Aber was die AfD hier veranstaltet, übersteigt in der Tat meine Vorstellungen. Ich habe wirklich geglaubt, auch da könnten wir irgendwann einen Konsens finden und ein ernstes Thema mit Ihnen beraten. Aber es hat ja nicht einen einzigen Tag nach dem Anschlag gedauert, als Sie schon beraten haben, hier eine Sondersitzung durchzuführen.
aber Sie fordern mich förmlich heraus, Ihren Unfug noch einmal zu kommentieren. Und so ist es, Sie haben nicht mal 24 Stunden abgewartet,
Jetzt zitiere ich mal, da schreiben die „Bild-Zeitung“ und die FAZ: „Die Strategie scheint zu erklären, weshalb die AfD-Funktionäre dann so drastisch auf den Anschlag vom Breitscheidplatz reagieren. Da twittert André Poggenburg, Rechtsaußen aus Sachsen-Anhalt: ‚Das Gutmenschengejaule zu Terror in Berlin wird gleich einsetzen.‘“ Wie menschenverachtend!
„Aus der AfD-Jugend wünscht man dem SPD-Vize Ralf Stegner ‚fast Bekanntschaft mit einem Lkw-Reifen‘, weil dieser festgestellt hatte, dass es absolute Sicherheit in
einer freiheitlichen Demokratie nicht gebe. ‚Es sind Merkels Tote‘“ – das wurde hier heute schon gewähnt – „behauptet Marcus Pretzell, Chef“ des NDR, ach Quatsch, „der NRW“ …
„Pretzells Lebensgefährtin Petry sekundiert wenig später via Facebook: ‚Merkel und Co. tragen eine erhebliche Mitschuld!‘ … Schnell und zielgerichtet verbindet die AfD den Anschlag mit ihren Feindbildern, beantwortet die Schuldfrage, bevor die Hintergründe klar sind“. Genau das war Ihr Ausgangspunkt. Das war das Vorwort.

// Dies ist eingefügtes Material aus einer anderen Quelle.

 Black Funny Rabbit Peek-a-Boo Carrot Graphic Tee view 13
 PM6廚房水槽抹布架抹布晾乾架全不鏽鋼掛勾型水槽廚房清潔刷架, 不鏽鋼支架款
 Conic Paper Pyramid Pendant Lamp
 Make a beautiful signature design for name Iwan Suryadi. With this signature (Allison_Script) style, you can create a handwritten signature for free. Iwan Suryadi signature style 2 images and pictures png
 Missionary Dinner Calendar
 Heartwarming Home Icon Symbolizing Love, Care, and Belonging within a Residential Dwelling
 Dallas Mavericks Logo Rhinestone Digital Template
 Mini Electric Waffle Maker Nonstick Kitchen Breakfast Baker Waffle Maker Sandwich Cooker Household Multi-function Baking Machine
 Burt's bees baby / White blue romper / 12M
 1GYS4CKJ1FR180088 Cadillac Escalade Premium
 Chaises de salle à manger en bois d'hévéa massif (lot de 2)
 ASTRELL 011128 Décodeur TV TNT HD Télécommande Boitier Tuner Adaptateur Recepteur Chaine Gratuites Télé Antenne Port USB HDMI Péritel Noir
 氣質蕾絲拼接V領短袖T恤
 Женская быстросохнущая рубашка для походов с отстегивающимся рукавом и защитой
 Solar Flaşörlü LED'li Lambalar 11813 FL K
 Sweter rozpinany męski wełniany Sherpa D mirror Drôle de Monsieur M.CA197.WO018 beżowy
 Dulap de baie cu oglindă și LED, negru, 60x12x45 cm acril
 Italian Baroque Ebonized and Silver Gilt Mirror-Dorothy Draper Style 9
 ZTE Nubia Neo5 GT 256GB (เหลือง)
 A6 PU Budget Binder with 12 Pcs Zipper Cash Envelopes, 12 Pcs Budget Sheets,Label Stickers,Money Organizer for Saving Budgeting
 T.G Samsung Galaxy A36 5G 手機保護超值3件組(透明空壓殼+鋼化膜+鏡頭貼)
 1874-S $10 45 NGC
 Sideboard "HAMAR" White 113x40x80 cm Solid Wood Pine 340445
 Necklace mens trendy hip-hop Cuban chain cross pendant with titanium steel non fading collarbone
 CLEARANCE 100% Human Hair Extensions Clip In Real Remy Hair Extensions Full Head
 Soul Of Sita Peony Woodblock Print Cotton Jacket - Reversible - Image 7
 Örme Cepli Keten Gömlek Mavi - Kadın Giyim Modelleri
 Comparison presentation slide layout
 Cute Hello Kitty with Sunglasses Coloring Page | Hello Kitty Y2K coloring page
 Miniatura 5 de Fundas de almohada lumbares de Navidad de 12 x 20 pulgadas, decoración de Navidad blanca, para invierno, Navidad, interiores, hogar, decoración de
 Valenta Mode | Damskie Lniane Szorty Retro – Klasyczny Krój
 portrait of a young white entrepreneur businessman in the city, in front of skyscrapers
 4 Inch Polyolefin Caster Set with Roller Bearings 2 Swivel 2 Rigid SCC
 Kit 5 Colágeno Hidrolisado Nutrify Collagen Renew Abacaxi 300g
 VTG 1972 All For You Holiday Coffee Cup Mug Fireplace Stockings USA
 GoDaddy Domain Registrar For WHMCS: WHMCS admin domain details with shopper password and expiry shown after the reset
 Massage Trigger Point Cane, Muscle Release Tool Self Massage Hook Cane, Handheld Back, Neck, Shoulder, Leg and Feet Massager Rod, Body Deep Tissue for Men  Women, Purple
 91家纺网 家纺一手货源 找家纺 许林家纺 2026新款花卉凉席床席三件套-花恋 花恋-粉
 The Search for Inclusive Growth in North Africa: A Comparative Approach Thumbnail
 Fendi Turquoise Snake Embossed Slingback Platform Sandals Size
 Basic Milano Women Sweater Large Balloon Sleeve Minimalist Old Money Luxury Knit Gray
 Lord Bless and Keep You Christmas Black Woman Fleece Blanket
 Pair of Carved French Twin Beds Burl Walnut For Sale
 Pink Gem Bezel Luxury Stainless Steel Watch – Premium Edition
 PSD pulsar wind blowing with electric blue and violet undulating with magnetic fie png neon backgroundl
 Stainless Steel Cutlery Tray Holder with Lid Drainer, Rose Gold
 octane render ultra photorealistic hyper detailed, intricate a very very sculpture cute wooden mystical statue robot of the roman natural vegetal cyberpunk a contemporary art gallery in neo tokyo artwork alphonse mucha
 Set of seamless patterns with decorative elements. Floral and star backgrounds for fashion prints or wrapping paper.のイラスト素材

Und wenn Sie, Herr Komning, und auch andere Redner einfach behaupten, wir stocken die Polizei mit 150 auf, dann ist das eine glatte Lüge. Das wissen Sie auch ganz genau.
Wir werden unser Land um 300 Beamte operativ stärken. Im Jahr zuvor hatten wir schon einmal die Ausbildungszahlen erhöht.
Es geht nicht um 150. Und wenn Sie die Zahl tausendmal wiederholen, sie bleibt falsch und sie bleibt eine Lüge.
Dass Sie die Polizeiarbeit loben, das ehrt vor allen Dingen die Polizistinnen und die Polizeibeamten. Dass Sie daraus Ihr Kapital schlagen wollen und sich anbiedern, das ist doch mehr als offensichtlich!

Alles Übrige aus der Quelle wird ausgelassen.